One of the reasons why Japanese comics is so successful is in their research and thorough targeting of specific demographics. American comics – not so much. The interesting thing about American comics is that many of them could really appeal to both sides of the gender divide. There’s nothing more romantic than an anguished, emotionally damaged man (Wolverine) who is in constant struggle with his past demons (Bruce Wayne/Batman) or going through the daily motions of a carefully choreographed dance that bridges two worlds (Peter Parker/Spiderman). That’s stuff we can all relate to – especially today’s woman who is torn in two by career demands, family aspirations, and the eternal dreams of somehow managing both.

Add to that the amount of comics out there that work outside of the superhero realm, and there is a whole medium for avid television watchers or instigators of social drama to feed off of.

But sometimes even the best laid plans come up short – not on the creator side, but on the reader’s end.

I’m speaking abstractly. Let me instead put it into concrete terms. I finally got around to reading Girls by the Luna Bros. Much darker and edgier than their premier comic, Ultra, the twin brother comics duo drop the Sex in the City posturing for something deeper and more mature. I loved Ultra, but something about Girls got me – and got to me – in that twisted, morbid, soft spot I’ve got for only the most depraved and fantastic of storylines.

Girls is about a town that is taken over by alien girls who lure all the men into having sex with them while killing and feeding on the women. There is a distinct battle-of-the-genders that breaks out, as well as a girls-against-women war that is all out grotesque.
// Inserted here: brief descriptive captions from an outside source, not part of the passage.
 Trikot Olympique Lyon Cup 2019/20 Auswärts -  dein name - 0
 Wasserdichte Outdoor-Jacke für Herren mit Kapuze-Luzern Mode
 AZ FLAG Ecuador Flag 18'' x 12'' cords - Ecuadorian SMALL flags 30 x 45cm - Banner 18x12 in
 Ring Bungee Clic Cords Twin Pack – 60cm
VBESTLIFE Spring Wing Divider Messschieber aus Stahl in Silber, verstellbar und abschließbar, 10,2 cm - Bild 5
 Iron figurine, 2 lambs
The perversion lies with the the alien girls whose motivation to fulfill all sorts of sexual fantasies is derived from their sole effort to produce more girls – that go on to killing the mothers, wives, and daughters in the town. Essentially, if a man has sex with the girls (they always seem to gang up on individual men in groups of three or four – or more) he’s producing more girls to kill his family.
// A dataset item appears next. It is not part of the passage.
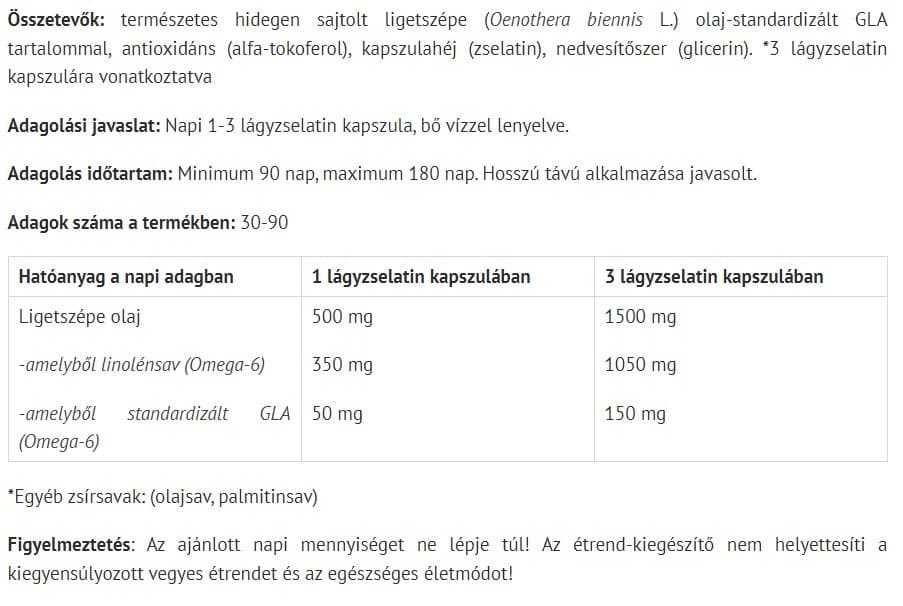 Natur Tanya - Evening Primrose Oil - 90 Caps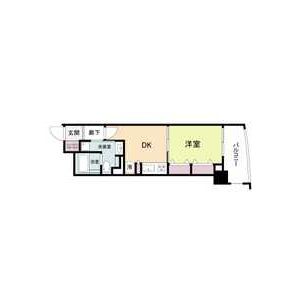 1DK 間取り図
Am I doing this series justice?

Throughout the story, the Lunas give their characters well thought out dialogue and twist the survival situation to bring out the worst possible scenarios – painting both men and women at their most fallen, with no character innocent or victim, perpetrator or abuser.

It’s well done.

So what am I getting at with all this?

Girls is so well done, that I tried recommending it to a friend of mine who also reads comics. Unfortunately, the problem with Girls is that it may be done too well. See that paragraph above where I describe what Girls is about? That’s pretty much all he heard.
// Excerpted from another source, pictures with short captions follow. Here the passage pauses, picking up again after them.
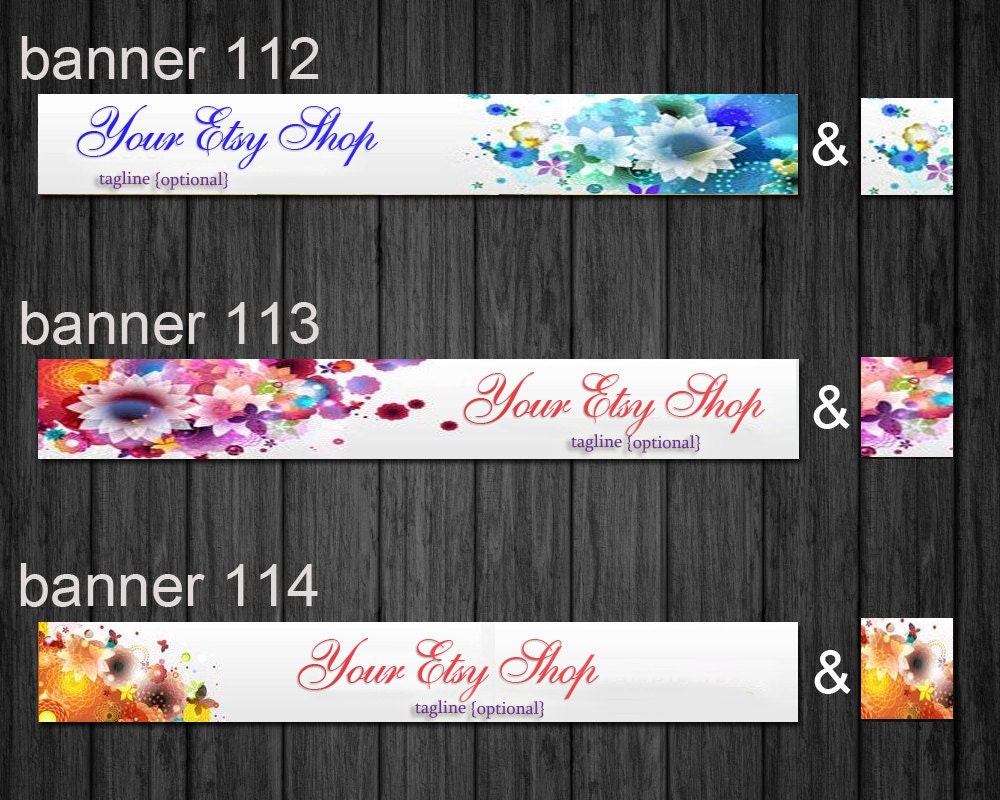 Etsy Shop Banners - Banner and Avatar -  Made to Order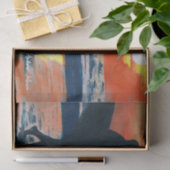 Surfen op het strand in de prachtige avondolie tissuepapier (Geschenk)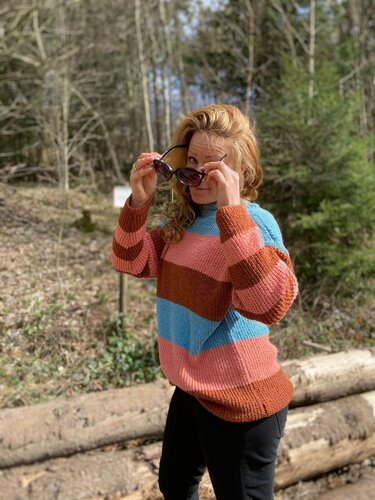 Anleitung Pullover "Cloudy Colour Blocks" - Stricken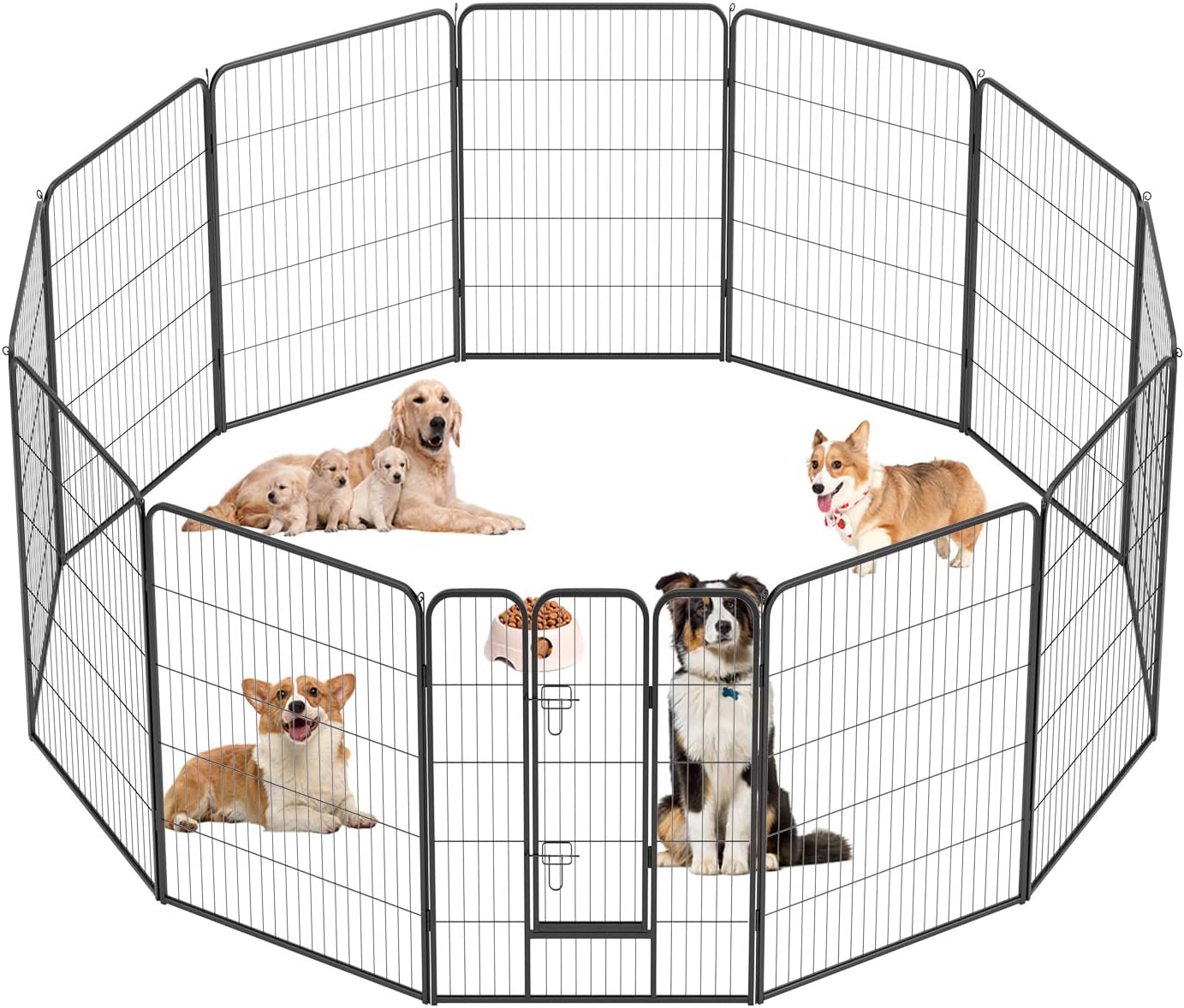 FDW Dog Playpen Kennel - 12 Panels, 40 Inch Height for Pets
HIM: So these alien girls come to earth, offer me all the sex that I want, and as an extra bonus, kill my bitchy girlfriend, too?

ME: Yea, it’s about that, but there’s also this element of danger because then who is going to raise your children?

HIM: I don’t have kids. What’s this comic called again?

ME: It’s not just about some porno fantasy! It’s about sex with repercussions! The more you fuck these girls, the more girls they make that will kill off the entire female population!

HIM: Do you have your period? Are you PMS-ing?

ME: Okay, just listen for a sec. These guys are good. There is whole stretches of dialogue where the men invert the situation and are like, “What if it were a bunch of Michael Phelps looking aliens that were screwing all the women and killing us off? And the women couldn’t resist?” There’s real thought put into this series. It’s not just about being chased by naked Victoria Secret model clones that happily service your every desire.

HIM: Victoria Secret model clones….

ME: Look, are you really going to read it or are you just going to “read” all the dirty pictures.

HIM: Victoria Secret model clones…..

ME: Forget it. You know what? Just forget I said anything.

HIM: Oh, come on. I’m listening. I just, I mean….I miss my girlfriend. I guess I just miss her, that’s all.

ME: (pause) Sorry. I didn’t mean to get so frustrated. It’s just…It takes a really good look at the fundamental rift between men and women – which is totally the stuff that women get into. And you just reminded me of all the reasons why guys would get into it.

HIM: Hey, guys aren’t just pigs. They do have that sensitive side.

ME: You’re right. Sorry for phreaking like that.

HIM: That’s alright. (pause) So what was the name of the comic?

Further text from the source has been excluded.